Where I work, we have to very old Alpha boxes running OpenVMS 7. They also have Multinet and are using the BIND component for DNS services. We are planning on retiring those boxes and replacing them with x86 servers running Linux. I've decided to go with Gentoo Linux for this and I've inherited two old boxes (A PIII >1GHz system and an old PIII quad Xeon 500MHz system) to do this with.

My concern is that my co-workers are adamant that the x86 systems won't be able to to keep up with the demand (we host about 70 domains in DNS) the way the Alphas did. My suspicion is that these x86 systems are just fine. However, what I really want to know is where the real utilization for DNS comes in. Is it CPU heavy? Is it RAM heavy? Or is it I/O heavy? I would suspect RAM first and CPU second based on what I've seen at home. But to be honest, in my experience DNS has been a pretty low resource service to run.
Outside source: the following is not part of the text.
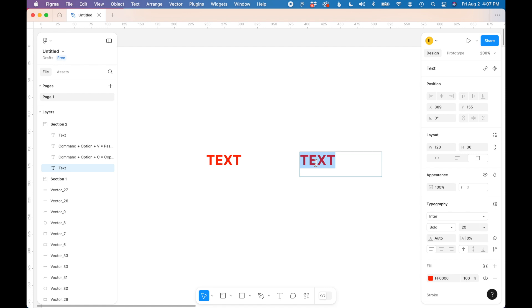This is going to save you tons of time when designing in Figma. So that's how you copy and paste styles from one text box to another in Figma.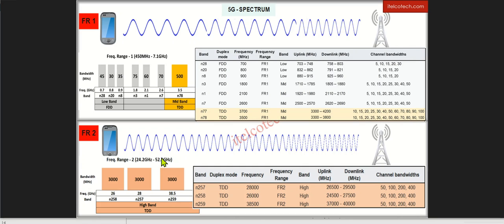Further in FR2 or millimeter wave, we have very high bandwidth available, but it will be mostly used in the hotspots or in the dense urban areas.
I honestly don't see our organization as being that big and 70 domains seems like a very small load even for the PIII boxes I just got. But, I'd be happy with any insight anyone here can provide.

Hey,

you're right, DNS will need first RAM and then a little bit CPU.
Our first DNS-Server was a 266 MHz CPU with 1 GB RAM, we
hosted about 300 Domains.

Bye
lowbyte

Hi,
I guess its I/O heavy on the network side i mean, and to speed things up, you may even want to move some dns directory keys on ramdisk ...

We're running a couple of PIII's in production:

model name : Intel(R) Pentium(R) III CPU family 1133MHz

Each of these has 4GB RAM, but we're rarely using above 600Mb of it, the rest is cached.

These two servers have a network "load-balancer" in front of them (does nothing more than round-robining DNS requests at the two backend nameservers).

And we host >40,000 zones (yes I work for a DNS company ;)) - these servers handle these zones, and over 1 million queries per hour per server without issues.

EDIT: I also recommend Gentoo - once you use portage you'll never look back!